By Tom Winnifrith | Monday 17 October 2016
Disclosure: I have no positions in any stocks mentioned, and no plans to initiate any positions within the next 72 hours. I wrote this article myself, and it expresses my own opinions. I am not receiving compensation for it (other than from ShareProphets). I have no business relationship with any company whose stock is mentioned in this article.
There is a philosophical game called the fishing village. And today we saw this played out in reality by Avanti Communications (AVN) as it struggles to avoid insolvency.
In the fishing village the fishermen are told that in order to stop stocks being wiped out all must cut their catch by 50%. If all do that then all will be able to eak out a meagre existence. If there is no quota cut the fish are wiped out and everyone starves. So collectively they are all best placed to agree to a quota cut.
But if one fisherman can cheat and land a full catch he will be minted. As long as no-one else knows then fish stocks will be preserved and he is a big winner. But if all fishermen start cheating then all are wiped out. What would you do as a fisherman?
So on 16 September Avanti told its bondholders that it would like to make interest payments due on 1st October a bit later and not by paying cash but by handing out even more debt.
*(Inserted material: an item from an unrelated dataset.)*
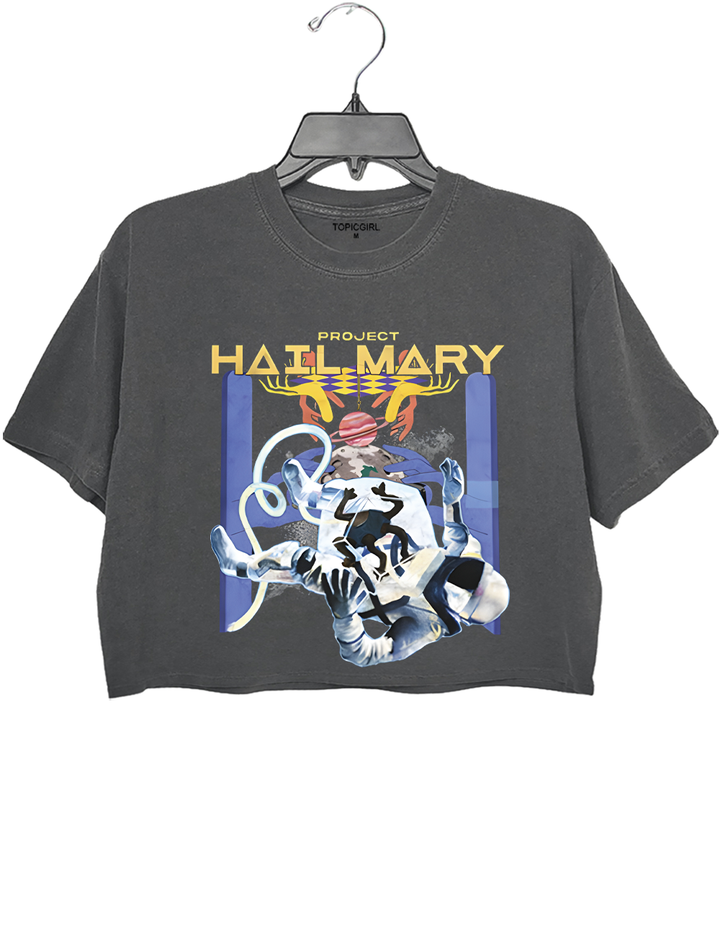 Project Hail Mary Crop Top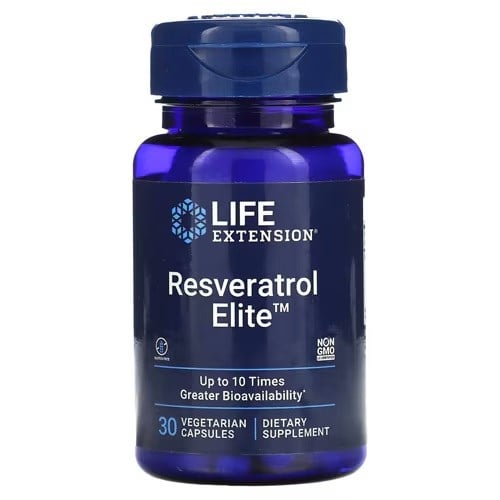 Life Extension - Resveratrol Elite - 30 vcaps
If bondholders did not agree then Avanti would be in a dire cash position within weeks and bond holders might risk immediate haircuts which might threaten year end bonuses.
Naturally bond holders did not want that to happen but equally they did not want to take on more debt which Avanti can't hope to service, let alone repay. Today we learned that 89.5% of bondholders, by value, had agreed to be good fishermen and take more bonds. 10.5% of bondholders, however, relied on the others being good fishermen and opted to take cash instead. They are the smart ones.
The net effect is that the cash cost of this interest payment has been slashed from $32.25 million to $3.39 million, for a total cash saving of approximately $28.00 million, net of the Consent Payment. Aha what is that? Er it is a fee equating to 2% interest on the loan notes who did not take cash so that would be another $5.6 million. So the cash saving is actually just $22.4 million but the cost is that there is an additional $28 million
of debt in issue.
This deal also means that Avanti now has until New Year''s eve to publish its accounts for the year to June 30th 2016 and its Q1 numbers. On the basis that it has not run out of cash by then, which is far from a given, those reports are unlikely to make pleasant reading for shareholders.
The shares are off a tad at 24.5p - 25p but in essence the equity is truly worthless, this company is "owned" by its bondholders. The shares remain a clear sell with a very plausible case for a target price of 0p.